A Day with BERT and Friends
Posted: 15 Jan 2020
Date Written: January 15, 2020
BERT (Bi-directional Encoder Representations from Transforms) was announced by Google in November 2018. Since then it has had a tremendous impact on NLP. It has shown itself to be supremely flexible; the state of the art for many NLP benchmarks is now set by systems incorporating BERT, or similar, representations. Staff from LexisNexis and Elsevier have been experimenting with BERT to see about modifications and extensions that tailor it for our needs. But what does BERT do well and poorly? Does it have anything to contribute to search? And how does it really compare with alternative methods like XLNet and FLAIR and with less-general methods like BiDAF?
Due to the intense interest in BERT we had a day-long workshop on the topic. The day began with Ron Daniel presenting an overview of BERT and a tutorial exercise that used BERT in a reading comprehension / question answering task. Participants could enter a paragraph or two of text and a question. The system would select a span of text from the paragraph(s) as an answer.

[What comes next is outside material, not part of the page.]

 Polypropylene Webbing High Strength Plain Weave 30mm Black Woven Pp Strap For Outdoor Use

Jana Punuru then spoke about efforts to ‘distill’ a large BERT model to something that would require less memory and computation without sacrificing too much accuracy. This is a topic of considerable interest because BERT is very computationally demanding.

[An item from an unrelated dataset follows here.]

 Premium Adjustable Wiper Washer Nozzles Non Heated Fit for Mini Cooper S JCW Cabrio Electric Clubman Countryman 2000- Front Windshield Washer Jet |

Corey Harper then spoke about research on extracting measurement information from articles. Identifying measurements is not difficult – they are a number (or a range or tolerance) and a unit. But by themselves a measurement like “1.4 ml” is not very useful. Corey described using question answering methods similar to those in the morning’s tutorial. By asking questions like “What was 1.4 ml?” the system could provide answers like “dosage”. That answer could then be used in a followup question like “What had a dosage of 1.4 ml?”.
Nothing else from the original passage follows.